Çatışmaların önümüzdeki 8-10 gün içinde tamamen biteceği ve akabinde Silopi, Cizre ve Sur’da yaşandığı gibi bu kez ‘acele kamulaştırma’ amaçlı sokağa çıkma yasağının devam edeceği yönünde iddialar da var. Hükümet, Gever’i il yapmaya hazırlanıyor. Bunun için de çatışmaların bitmesinin, daha açık bir deyimle Cizre benzeri bir katliam yaşatılmasının akabinde ilçenin önemli bir bölümünün kamulaştırılıp TOKİ marifetiyle yeni binalar yapılacağı anlatılıyor. Bu binalara, Suriyeli göçmenlerin yerleştirilerek bölge demografisinin değiştirilmek isteneceğine dair iddialar da var.

Bir başka iddia da bölgedeki Çeçen cihatçılarla ilgili söylenenler. Hükümetin emrindeki askeri güçler ile polisin arasında Çeçen kökenli bazı cihatçı militanların paramiliter güç olarak yer aldığını söyleyen çokça insan var. Bu iddianın kaynağı da bölgedeki korucular.

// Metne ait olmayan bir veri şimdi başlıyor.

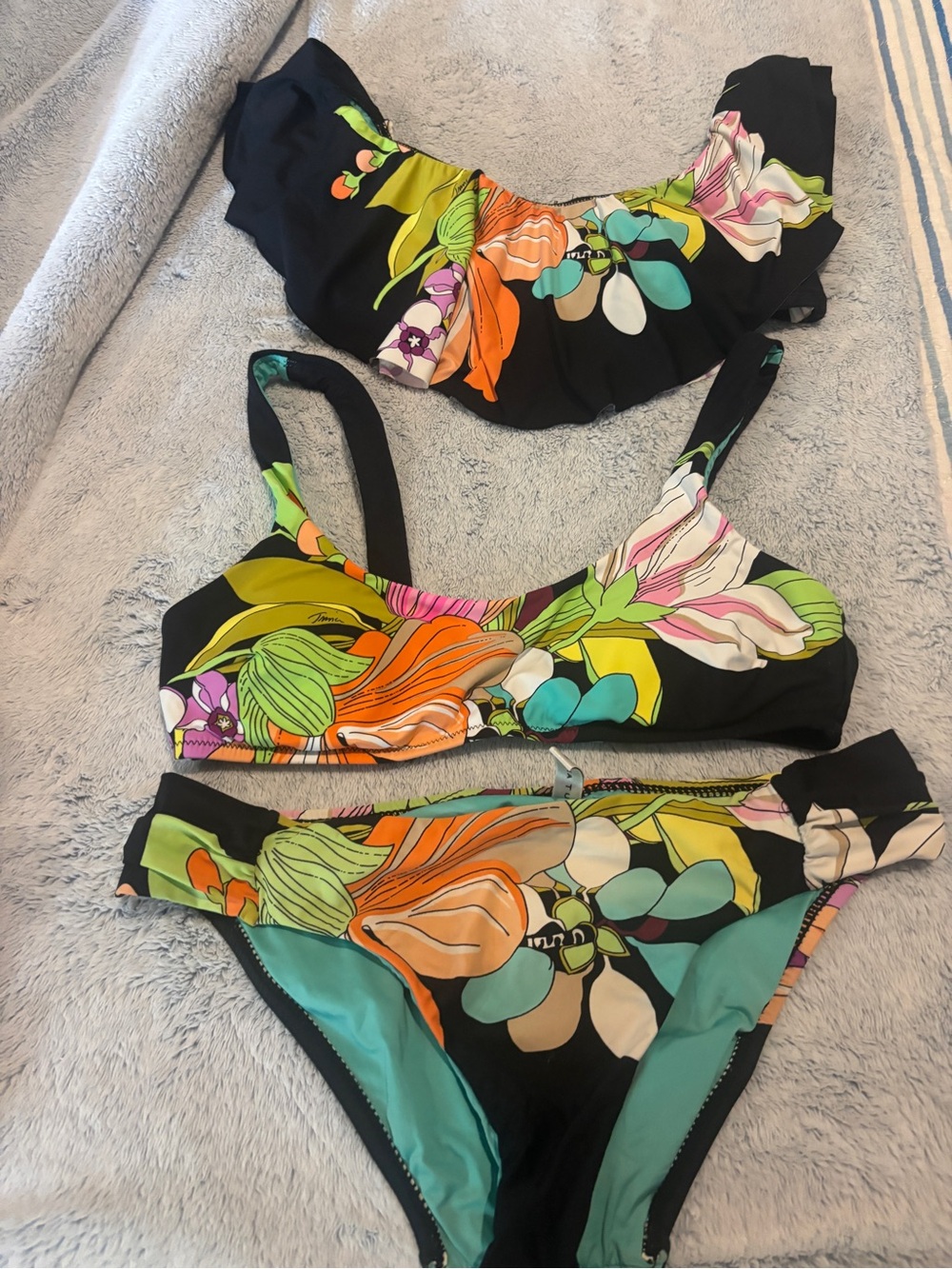 Trina Turk Black Floral Two-Piece Bikini with Multicolor Bloom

Van’dan edindiğimiz bilgilerle izlemeye çalıştığımız Gever’de durum bu.

Ağır baskı altındaki Gever, ciddi bir katliam riski ile karşı karşıya. Bölgedeki paramiliter güçlerin yalnız Gever’de değil neredeyse bölgedeki her noktada büyük katliamlar yapmaktan imtina etmeyecek kadar düşmanca bir tutum içinde davrandığı, uygulamalardan gözleniyor. Bölgedeki duyarlı insanların, HDP’li vekillerin, bir avuç gazetecinin tek yapabildiği ise yaşanan hak ihlallerini, cinayetleri, katliamları, yıkımları belgelemek. İnsanlar umutsuz da olsa belgelemeye önem veriyor. Bu belgelemeyi yapanlar, katliam ve yıkımların sorumlularının ilerde mutlaka yaptıklarının hesabını vereceğine inanıyor.